GitMA Metrics#

Note

This module provides methods to compute inter annotator agreement metrics. These are integrated in the CatmaProject class.

Examples to use the metrics functions can be found in the demo notebook.

filter_ac_by_tag(ac1, ac2, tag_filter=None, filter_both_ac=True)#

Returns lists of annotations filtered by tags. If filter_both_ac=False only the first collection’s annotations get filtered.

Parameters

ac1 (AnnotationCollection) – First annotation collection.
ac2 (AnnotationCollection) – Second annotation collection.
tag_filter (list, optional) – The list of tags to be included.
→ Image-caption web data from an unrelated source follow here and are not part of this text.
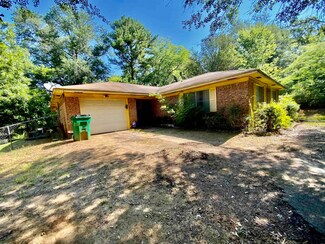 701 E Reagan St, Palestine, TX 75801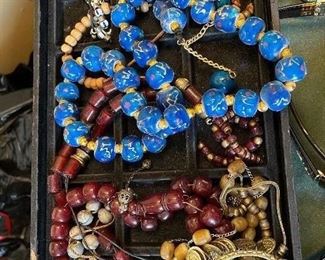 Worry (kombolói) beads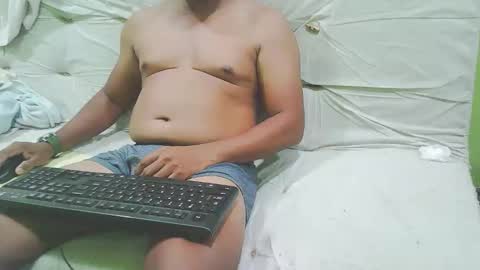 Snapshot of bigdickguyaux chatting on March 29, 2026, 7:36 pm bigdickguyaux online show from March 29, 2026, 7:36 pm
Defaults to None.
filter_both_ac (bool, optional) – If True both collections get filtered . Defaults to True.

Returns

Two filtered list of annotations.

Return type

Tuple[List[Annotation]]

get_same_text(annotation_list1, annotation_list2)#

All text parts annotated only by one annotator get excluded.

Parameters

annotation_list1 (List[Annotation]) – Annotations from first collection.
annotation_list2 (List[Annotation]) – Annotations from second collection.

Returns

Annotations from both collections.

Return type

Tuple[List[Annotation]]

test_max_overlap(silver_annotation, second_annotator_annotations)#

Looks for best matching annotation in second annotator’s annotations.

Parameters

silver_annotation (Annotation) – Annotation that will be matched.
second_annotator_annotations (list) – List of annotations.

Returns

Annotation Object

Return type

Annotation

test_overlap(an1, an2)#

Test if annotation an2 starts or ends within annotation an1’s span.

Parameters

an1 (Annotation) – First annotation.
an2 (Annotation) – Second annotation.

Returns

True if any overlap exists.

Return type

bool

get_overlap_percentage(an_pair)#

Computes the overlap percentage of two annotations by averaging the overlapping proportion of both annotation spans.
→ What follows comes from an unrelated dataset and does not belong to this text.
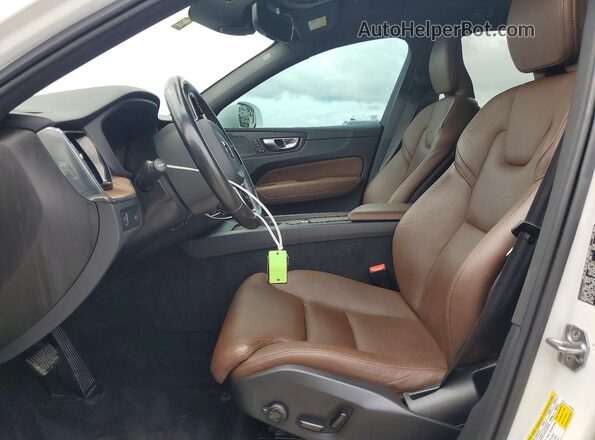 YV4102DL4L1598268 2020 VOLVO XC60 White Widok wnętrza z przodu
Parameters: an_pair (List[Annotation]) – Two overlapping annotations.
Returns: Overlap percentage between 0 and 1.0.
Return type: float

get_confusion_matrix(pair_list, level='tag')#

Generates confusion matrix for two

Parameters

pair_list (List[Tuple[Annotation]]) – List of overlapping annotations as tuples.
level (str, optional) – ‘tag’ or any property with prefix ‘prop:’ in the annotation collections. Defaults to ‘tag’.

Returns

Confusion matrix as pandas data frame.

Return type

pd.DataFrame

get_cooccurence_matrix(annotationdata)#

Generates cooccurence matrix for annotation data

Parameters: annotationdata (Set[List[coderid,itemid,tag]]) – List of overlapping annotations as a set.
Returns: Cooccurence matrix as pandas data frame.
Return type: pd.DataFrame

class EmptyTag#

Bases: object

Helper class for missing annotations.

class EmptyAnnotation(start_point, end_point, property_dict)#

Bases: object

Helper class for missing annotations.

Parameters

start_point (int) – Text pointer.
end_point (int) – Text pointer.
property_dict (dict) – Property dictionary

get_annotation_pairs(ac1, ac2, tag_filter=None, filter_both_ac=False, property_filter=None, verbose=True)#

For each annotation in ac1, finds the best matching annotation (maximum overlap) in ac2. Where there is no matching annotation in ac2, an EmptyAnnotation is substituted. Returns a list of tuples of the matched pairs.

The filter parameters can be used so that only annotations using one of the specified tags or the specified property are included.

Parameters

ac1 (AnnotationCollection) – First annotation collection.
ac2 (AnnotationCollection) – Second annotation collection.
tag_filter (list, optional) – The list of tags to be included. Defaults to None (no filter / all tags included).
filter_both_ac (bool, optional) – If True the tag_filter is applied to both collections. Defaults to False.
property_filter (str, optional) – If not None, only annotations with this property are included. Defaults to None (no filter / all annotations included).
verbose (bool, optional) – Whether to print results to stdout. Defaults to True.

Returns

List of paired annotation tuples.

Return type

List[Union[Tuple[Annotation, EmptyAnnotation], Tuple[Annotation, Annotation]]]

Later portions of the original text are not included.